How long is a chinaman
I wrote before about the problem with proper nouns. The problem is how to recognize the name of a person in a sentence, when this name is not part of the lexicon. At that point I thought that the problem needed to be solved in the lexer, because when the parser starts, the possible parts-of-speech of all words needs to be known. And I thought that a person's name, like "Johnny Mnemonic" needed to be presented to the parser as a single lexeme, of the category "proper noun".

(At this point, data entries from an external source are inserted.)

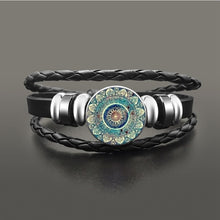 Load image into Gallery viewer, SUTEYI Charm Mandala Art Picture Earrings Henna Crystal Earring Yoga Om Symbol Zen Buddhism Glass Earrings For Women Jewellery
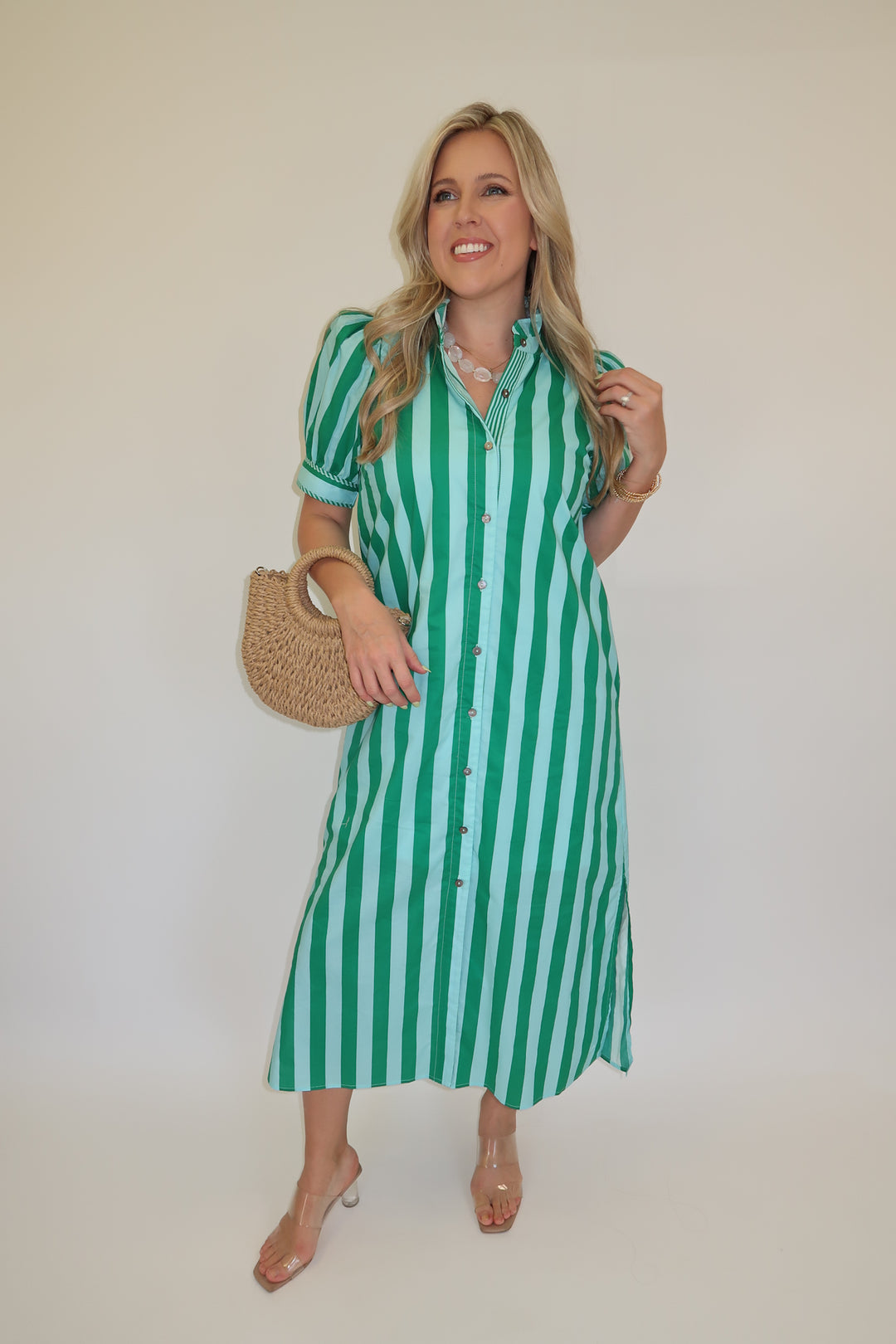 Green Light Dress - The Pink Tulip Clothing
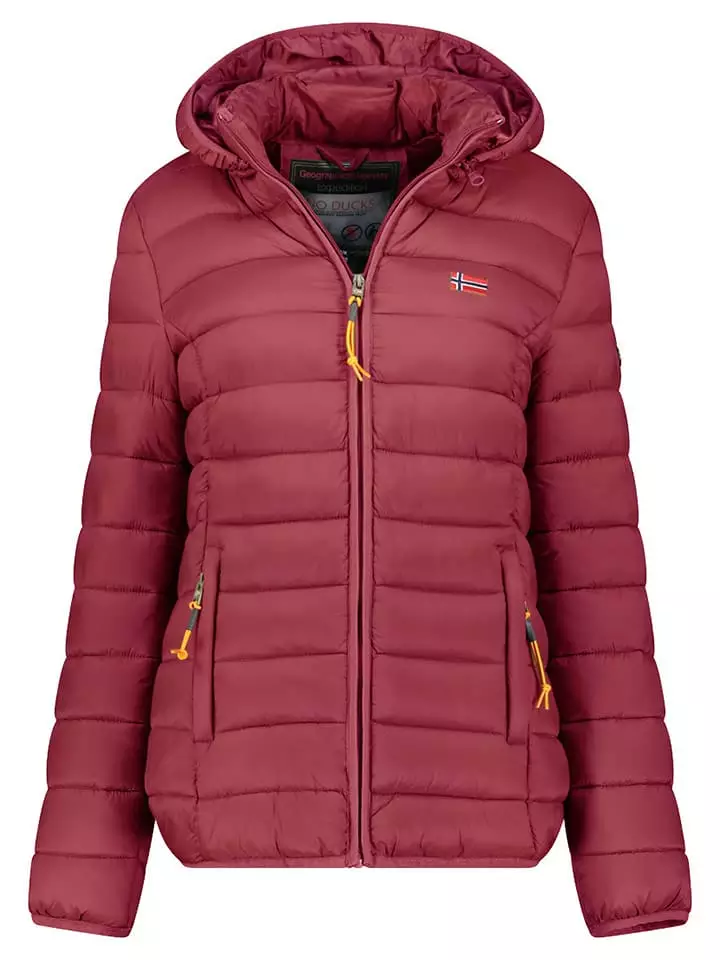 Geographical Norway Kurtka pikowana "Atikolor" w kolorze bordowym rozmiar: S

I ran into two problems with this approach: the first one is that you need to build a small parser inside your lexer in order to recognize proper nouns. This requires you to put a lot of domain knowledge about the structure of proper nouns into code, and that's bad. A NLP engine should always strive for maximum declarative representation of its domain knowledge, so that its users may be able to change it without programming.
The other problem was that it is slow. For every sequential combination of words in a sentence, you need to determine wether it is a proper noun. I added an artifical limit of 5 words, but names may be even longer.
I wanted to solve the problem by creating rewrite rules for proper nouns that could be processed by the parser. For this purpose I needed to introduce a phrase that combined the distinct proper nouns of a name. And I needed to find a part-of-speech for insertions like "de", "van", and "der".
This proved quite simple. The phrase I came up with is "Proper Name (PN)". A proper noun is a single word. A proper name can be a single word, but also multiple words. See Wikipedia
Here's an example of some rewrite rules for proper names:
PN := propernoun insertion propernoun (example: Jan de Wit)
PN := propernoun propernoun propernoun (example: Anne Isabella Milbanke)
PN := propernoun propernoun (example: Johnny Mnemonic)
PN := propernoun (example: Jan)
NP := PN
This may not solve all problems with names, but for the names I am currently using, it suffices.
This solution tries to find proper nouns only where a noun phrase is expected, so that skips a lot of places and is faster.
Which words can be proper nouns?
This leaves us with the question of which words to consider proper nouns. Let's start with a simple rule:
Any word can be a proper noun.
This fails very badly, check the following sentence:
How many children saw the movie?
"How many children" can be parsed as a proper name (propernoun propernoun propernoun). But that's silly isn't it. Why? Because these are just normal words that occur in the lexicon.
So what about this rule:
Any word that is not in the lexicon can be a proper noun.
This is a lot better, but in my integration tests English and Dutch sentences are mixed and the agent will happily start parsing a Dutch sentence as if it was English.
Hoeveel kinderen had Lord Byron?
Now "Hoeveel kinderen" is parsed as a proper name (propernoun propernoun). Maybe your engine uses only texts in a single language and this problem doesn't exist. For me, I solved it by adding the constraint that a proper name must start with a capital.
OK, but what about the perfectly normal sentence:
How Long is a chinaman.
or the statement about the band with the funny name "the The"?
The The is brilliant.
For these names to be recognized, we can add them explicitly to the lexicon, but we must request that they be written with a capital.
The last rule is then:
Words can be proper nouns if they start with a capital letter.
The problem with this rule is that people often leave out the capital letters of proper nouns. For my application this is not a problem, because I require input sentences to be grammatically correct.
But what about this chinaman?
For those of you interested in the original question, Answers.com has the answer:
My father's response was always, "So Long is his sister."
and some guy's reply:
Hate to disagree with your father but since in chinese the family name comes first, How Soon is the name of his close relative.
If you want to distinguish between the given name (Long) and the family name (How), you could use features. A name like "How" is then listed in the lexicon as a proper noun with the feature "familyname = 'How'". The PN will then inherit the features of its children: "givenname = 'Long', familyname = 'How'".